Classé dans : Actualité, Environnement, Nature, Photographie, Récits — Miklos @ 22:50

Parions : la dernière crise n’en sera plus une, elle s’installera pour de bon et prendra un caractère endémique. Malgré les efforts des gouvernements nationaux, continentaux et mondial, l’inflation devenue incontrôlable atteindra de tels sommets que l’abandon de l’usage de la monnaie sera inéluctable avant même d’être décrété. Le troc s’y substituera là où le pillage ne régnera pas encore.

Parions : l’essence se raréfiera puis disparaîtra totalement des pompes. Les voitures rouilleront dans les garages et le long des trottoirs. L’électricité fera alors défaut, aucun moyen de transport public, de surface ou souterrain, ne sera plus en état de circuler, à l’exception des cyclotaxis et des bateaux-bus à rameurs.

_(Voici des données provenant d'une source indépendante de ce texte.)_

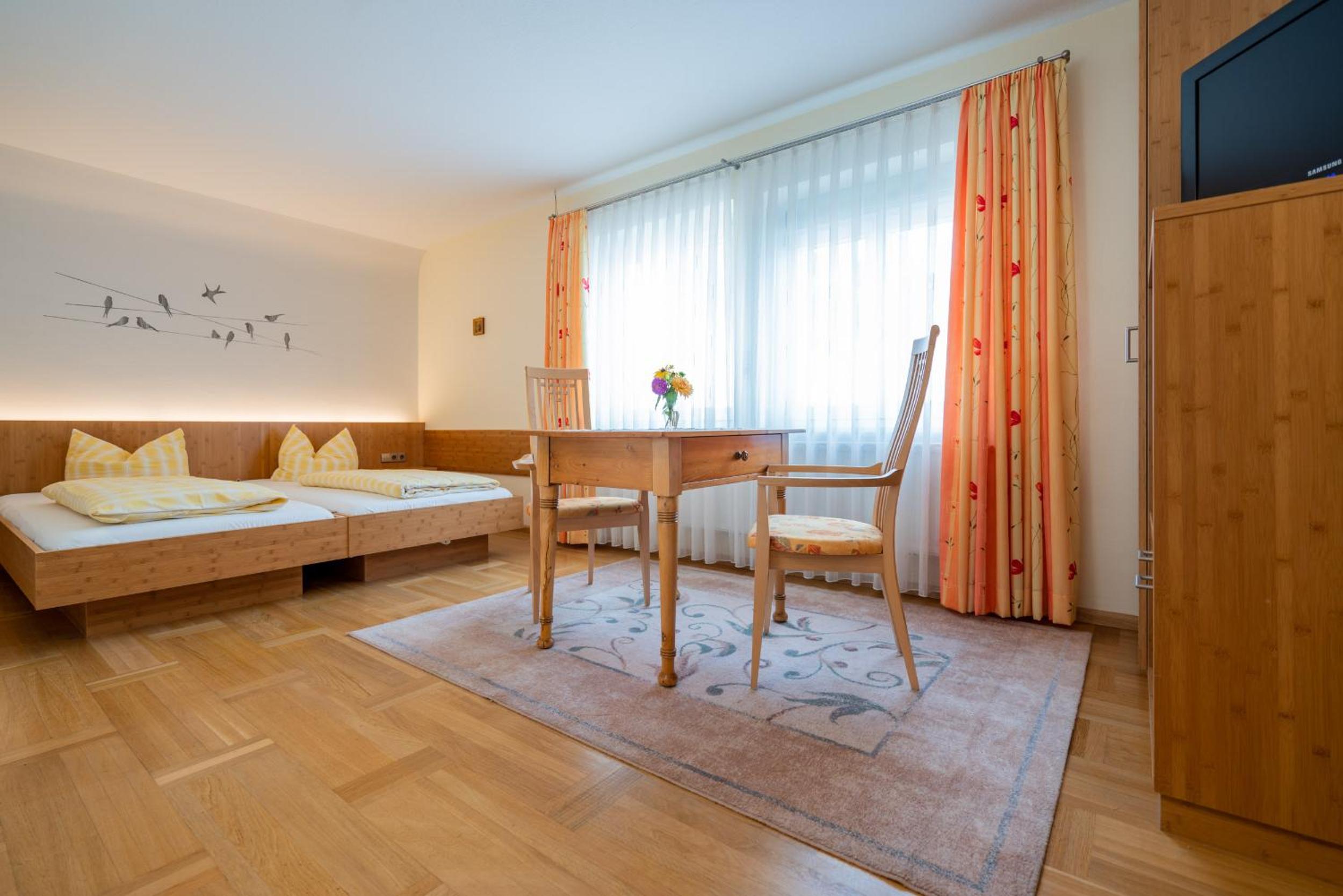 Double Room - Photo 2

Paris deviendra une immense ville piétonne. Les seuls véhicules encore autorisés à traverser la ville seront les chars à bœufs des halles, le nombre et la fréquence soigneusement limités pour éviter que les rues ne se transforment en fosses à purin. La plus belle avenue du monde (selon les agences de tourisme), la perle de la ville (d’après les guides), le casse-tête de la police municipale, les Champs-Élysées, se videront des embouteillages qui les caractérisaient.

Parions : la chaussée, négligée, se fissurera. Dans les interstices, les herbes folles commenceront à apparaître, et une végétation, d’abord rare puis plus dense, s’y développera. Au printemps, des pâquerettes, des lavandes et une multitude d’autres fleurs éclabousseront de leurs chatoyantes couleurs et parfumeront à l’ivresse l’avenue débarrassée des fumées noires et nauséabondes des tuyaux d’échappement d’antan. Les abeilles s’y multiplieront et produiront une variété de miel de Paris fort prisée à l’étranger.

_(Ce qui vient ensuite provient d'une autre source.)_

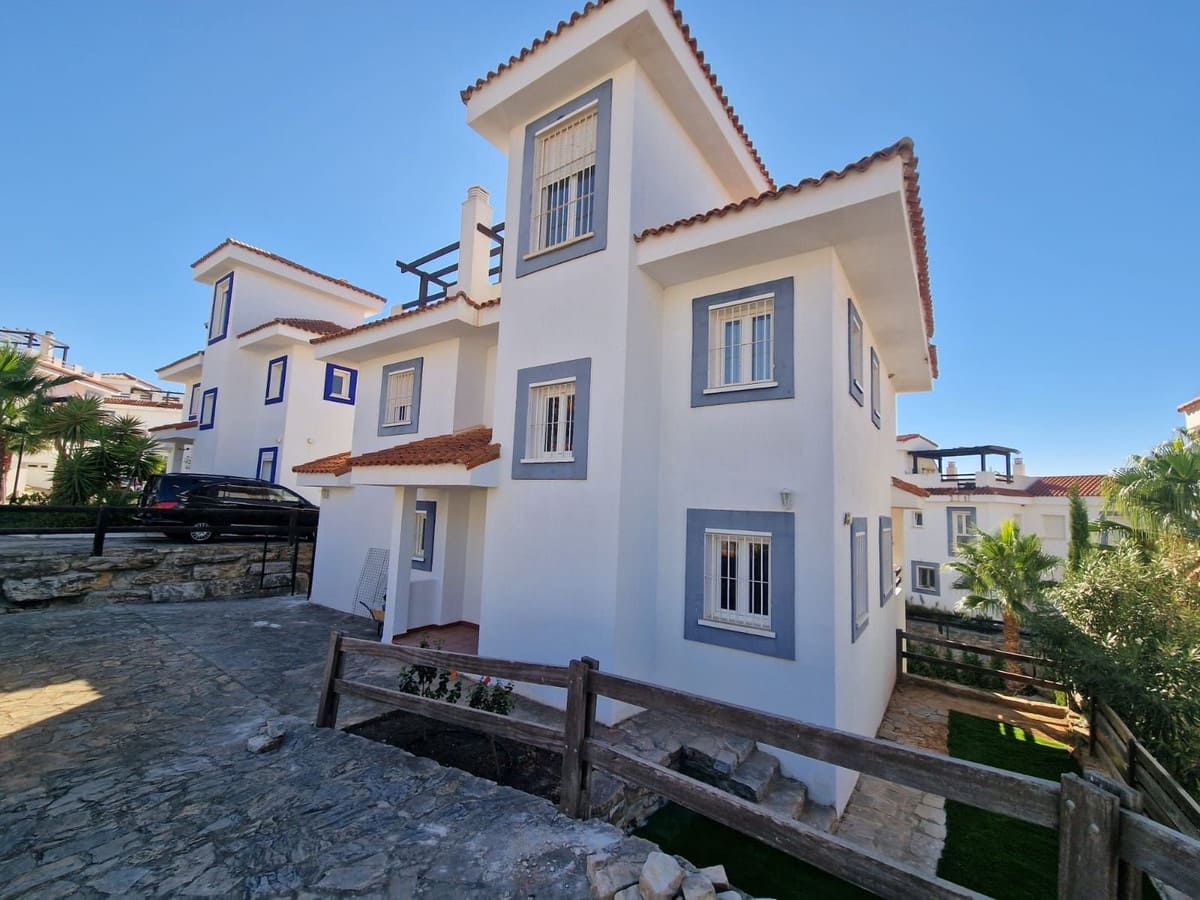 5 soveværelse Villa til salg i Manilva med swimmingpool garage - € 550.000 (Ref: 9550050)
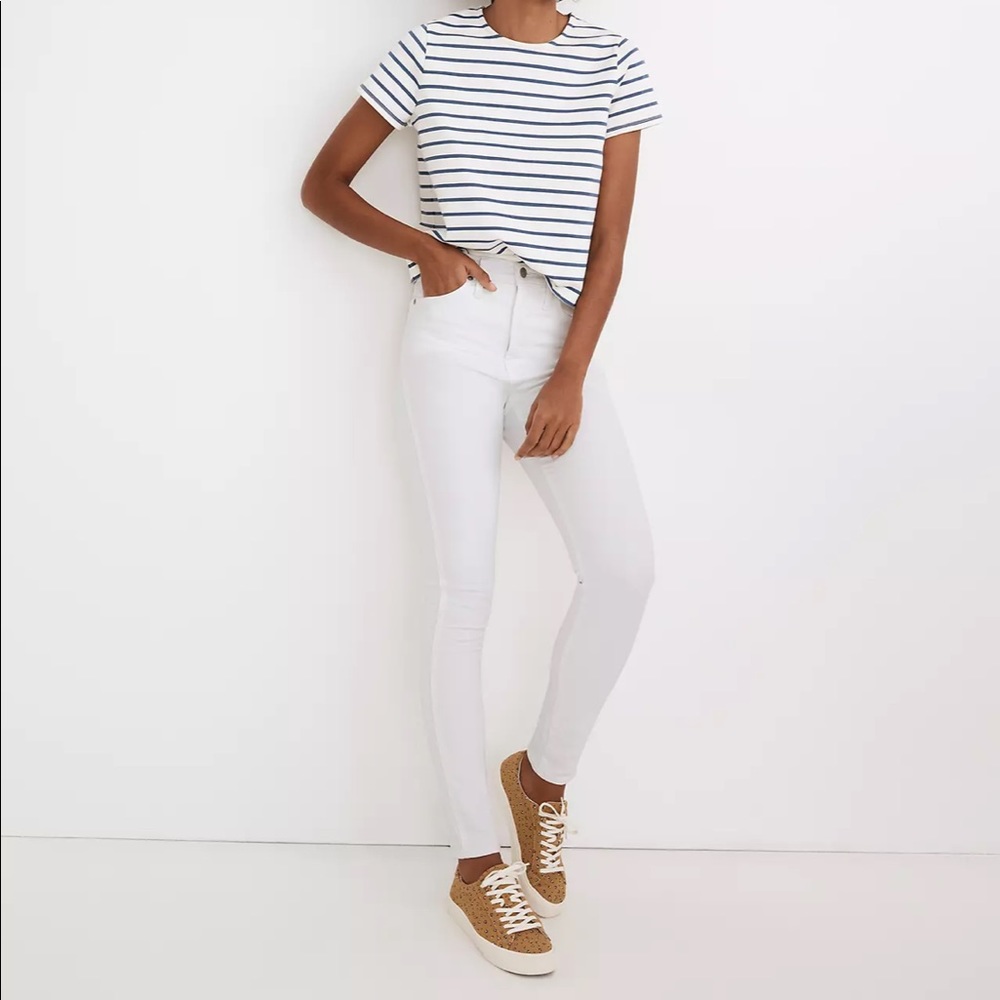 Madewell 10” high rise skinny jeans in pure white. NWT. Size 28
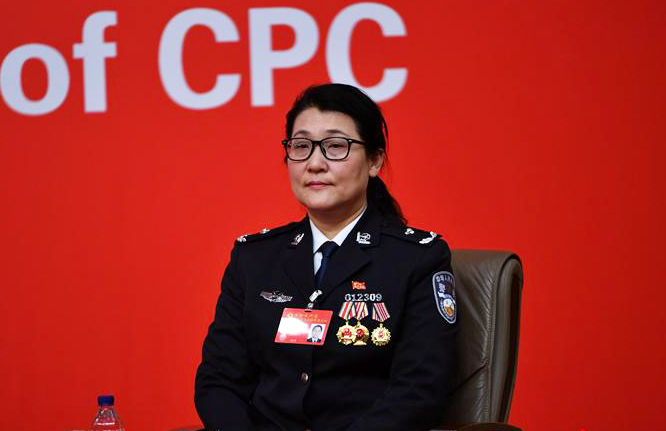 公安部物证鉴定中心法医病理损伤技术处副处长(正处级)、主任法医师、三级警监田雪梅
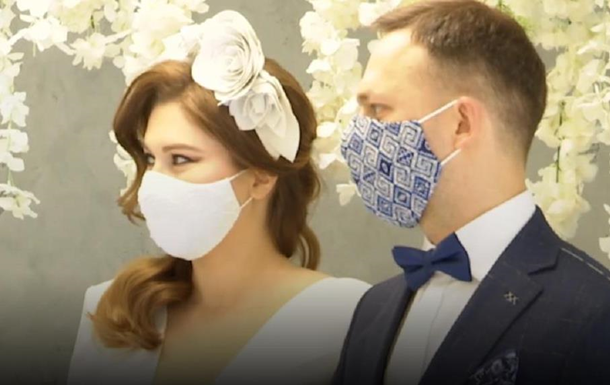 В Украине отметили первую онлайн-свадьбу (видео)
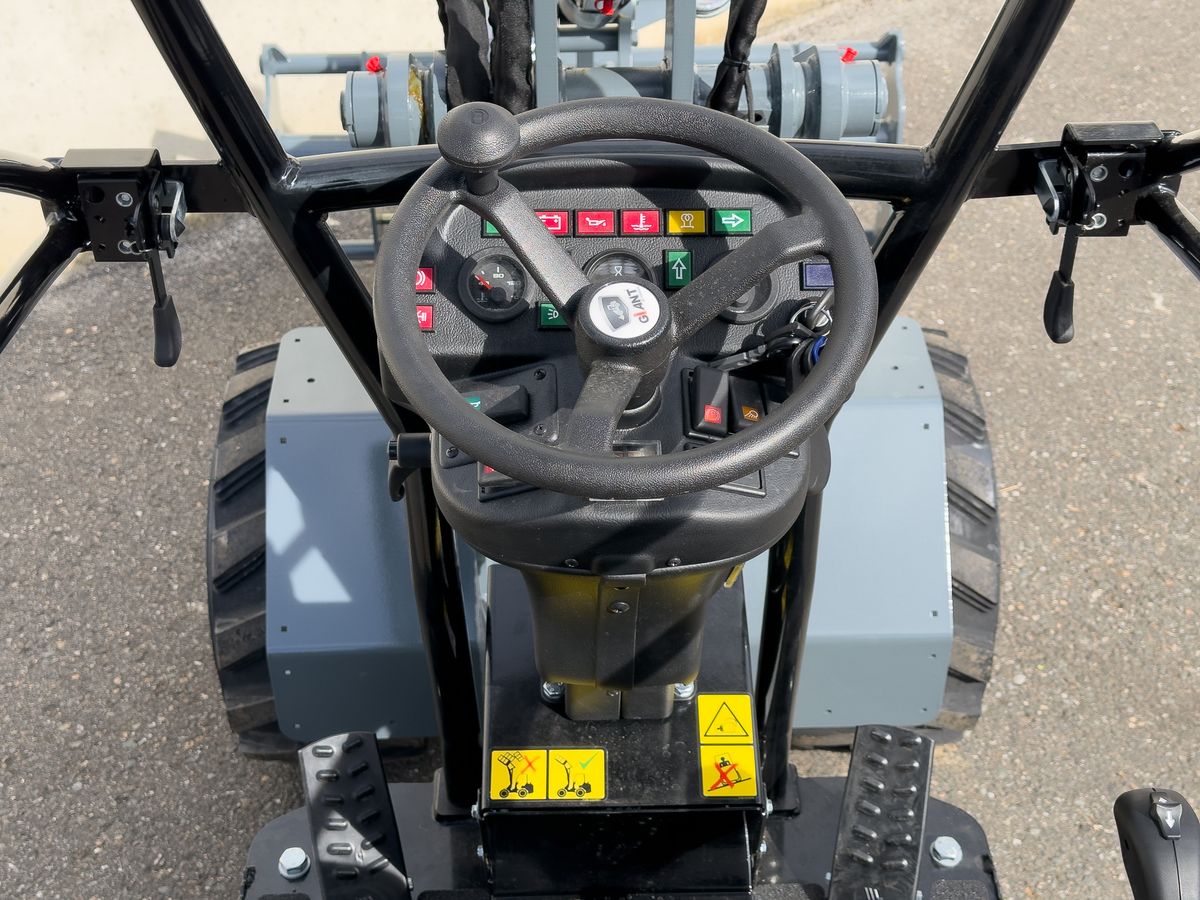 Giant G1500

Des jeunes pousses deviendront des arbres vigoureux : chênes, marronniers ou érables, platanes, bouleaux et cyprès, puis des espèces moins familières, leurs graines parvenues avec les vents et dans les fientes d’oiseaux de provinces de plus en plus lointaines : mûriers, figuiers ou oliviers, palmiers, épicéas, sapins et genévriers. Ensuite ce seront des espèces exotiques, pour certaines en provenance de serres de richissimes propriétaires de l’avenue, pour d’autres on ne sait trop comment : avocatiers, cocotiers et tamariniers, acajous et palissandres, baobabs et séquoias. On y verra pousser à profusion café, tabac, ananas et mangues, et on y cueillera, à la saison, mangoustans et lychees.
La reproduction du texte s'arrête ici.